_Work instruction_
Output only the lines below from the one holding "Una statua di" down to the one holding "1109 Hillcrest Drive", both end lines included and every picture dropped.

_Supplied records_
★ ★ ★ ★ ★

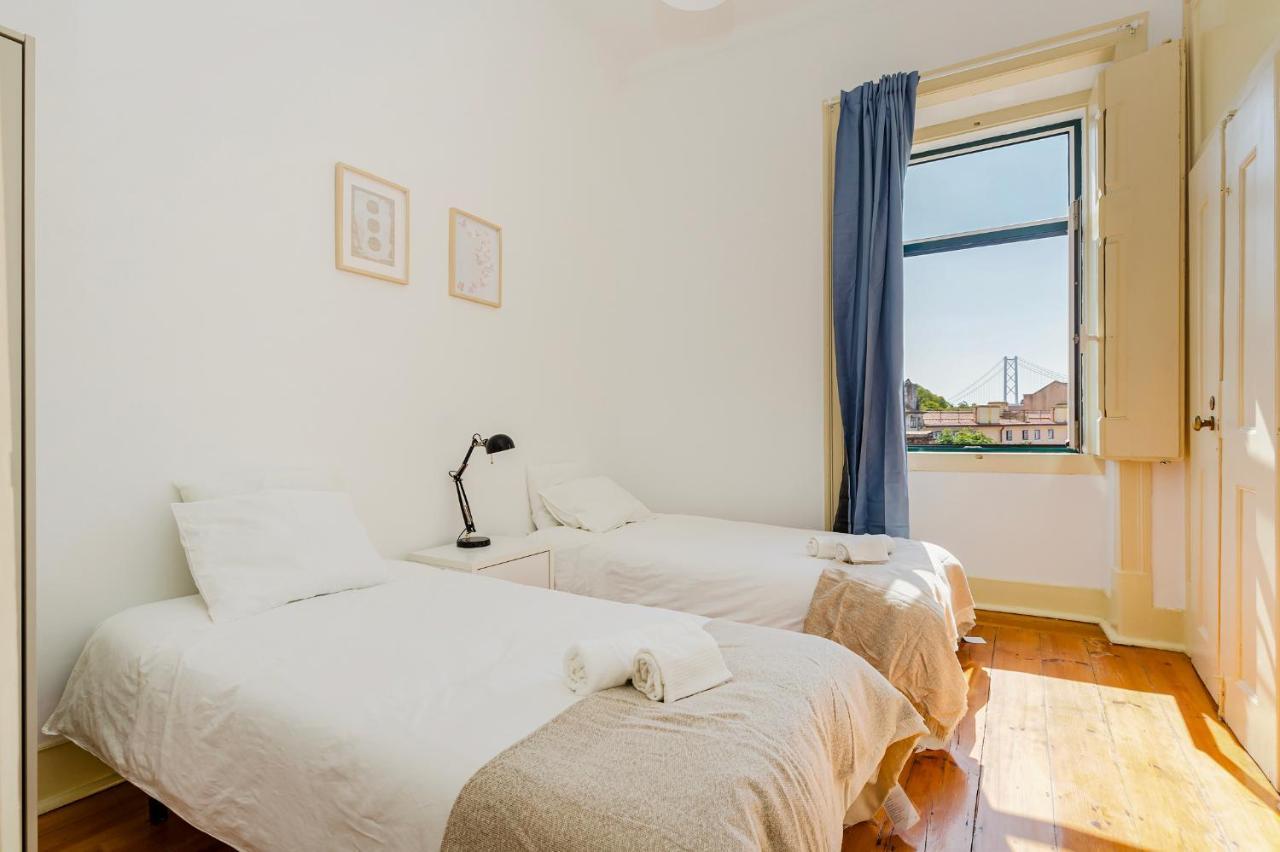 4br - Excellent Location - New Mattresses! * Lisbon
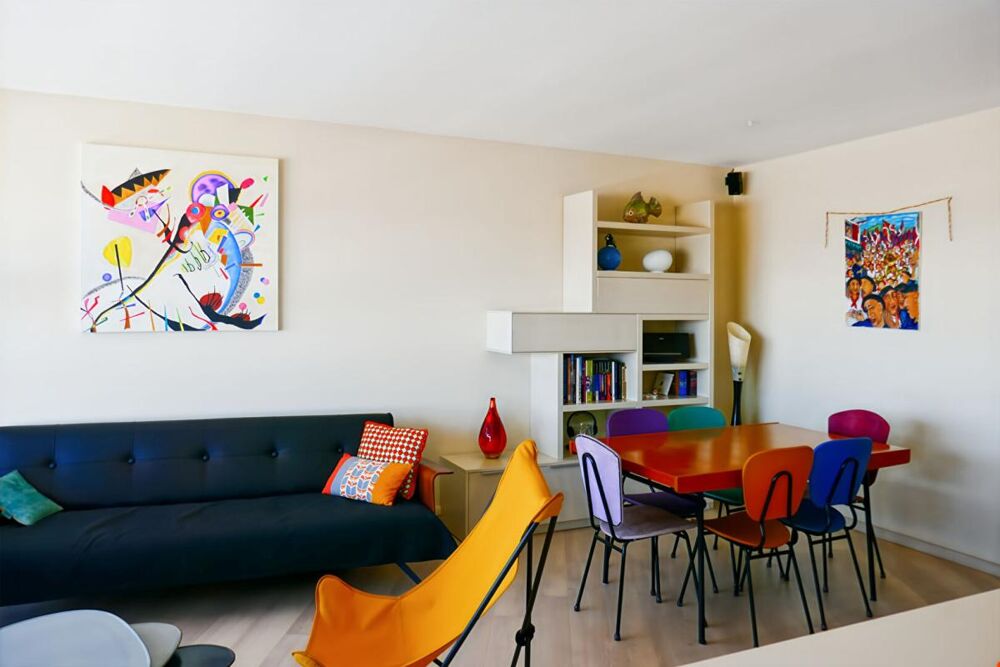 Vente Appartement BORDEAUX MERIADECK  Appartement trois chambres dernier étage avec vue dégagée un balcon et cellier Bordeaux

★ ★ ★ ★ ★

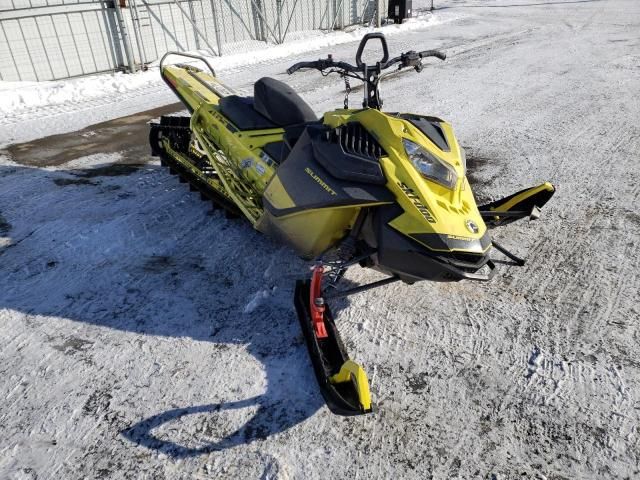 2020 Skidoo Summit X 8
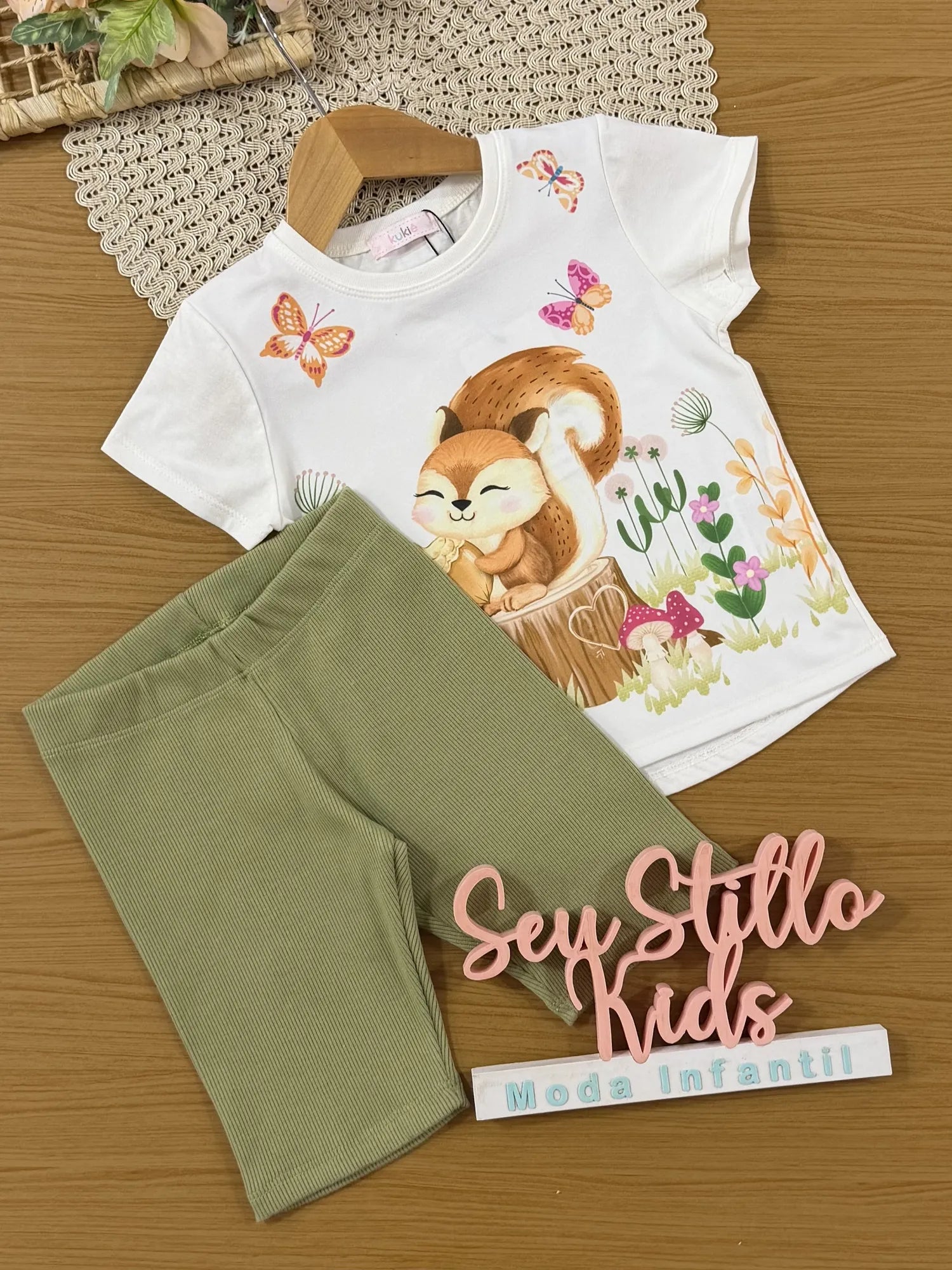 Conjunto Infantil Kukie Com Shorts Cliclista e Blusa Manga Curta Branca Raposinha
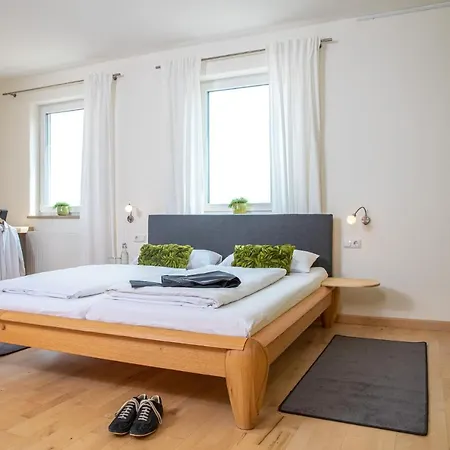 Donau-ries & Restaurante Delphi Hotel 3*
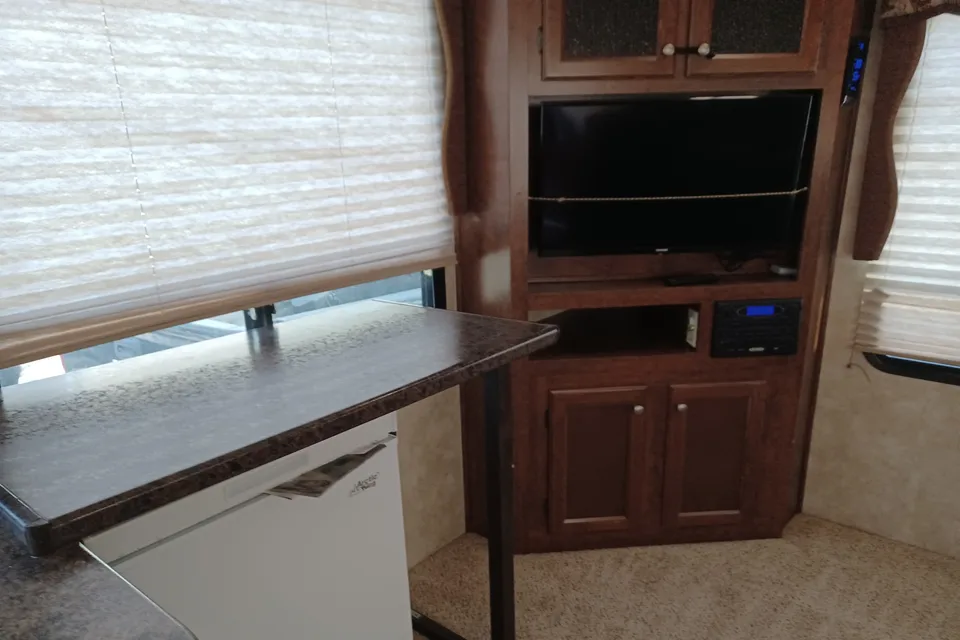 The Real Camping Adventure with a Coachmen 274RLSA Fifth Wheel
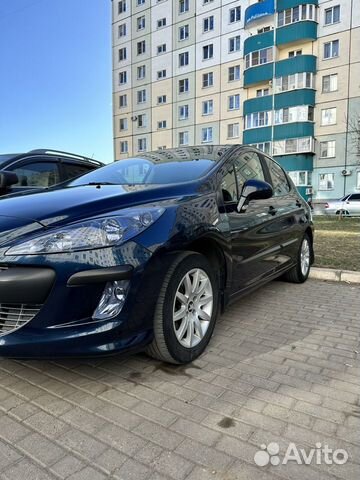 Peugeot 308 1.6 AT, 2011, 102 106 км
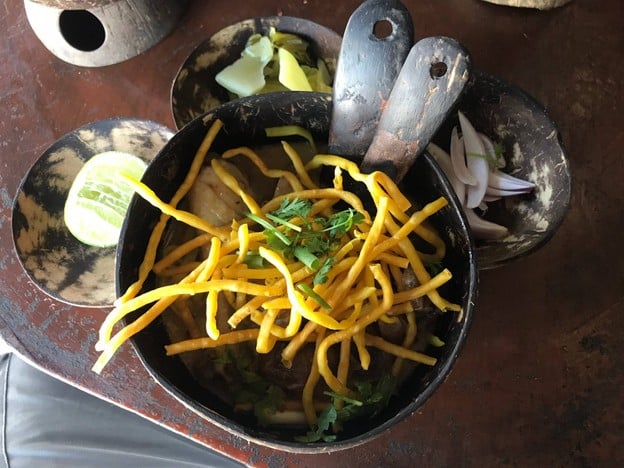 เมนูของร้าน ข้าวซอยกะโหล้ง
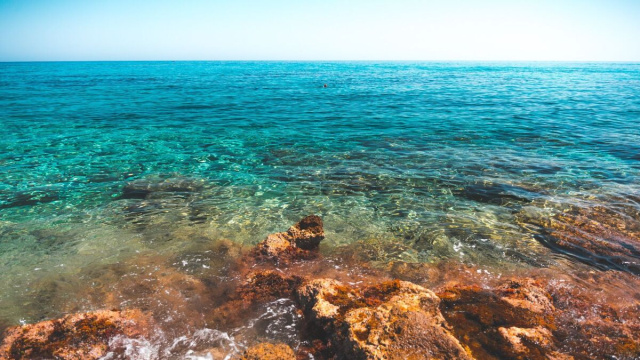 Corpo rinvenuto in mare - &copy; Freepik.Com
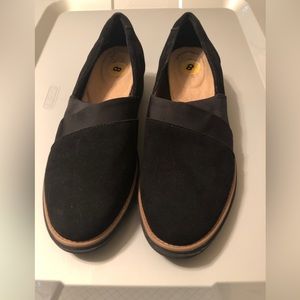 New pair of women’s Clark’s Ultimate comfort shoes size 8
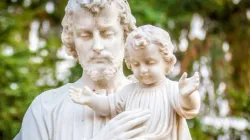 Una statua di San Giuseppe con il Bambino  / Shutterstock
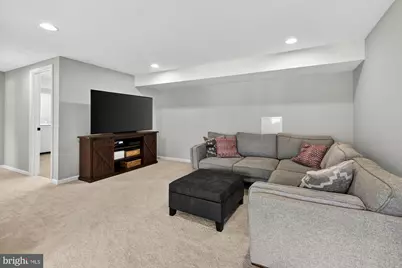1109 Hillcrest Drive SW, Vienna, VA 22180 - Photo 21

★ ★ ★ ★ ★

_The answer_
 Una statua di San Giuseppe con il Bambino  / Shutterstock
1109 Hillcrest Drive SW, Vienna, VA 22180 - Photo 21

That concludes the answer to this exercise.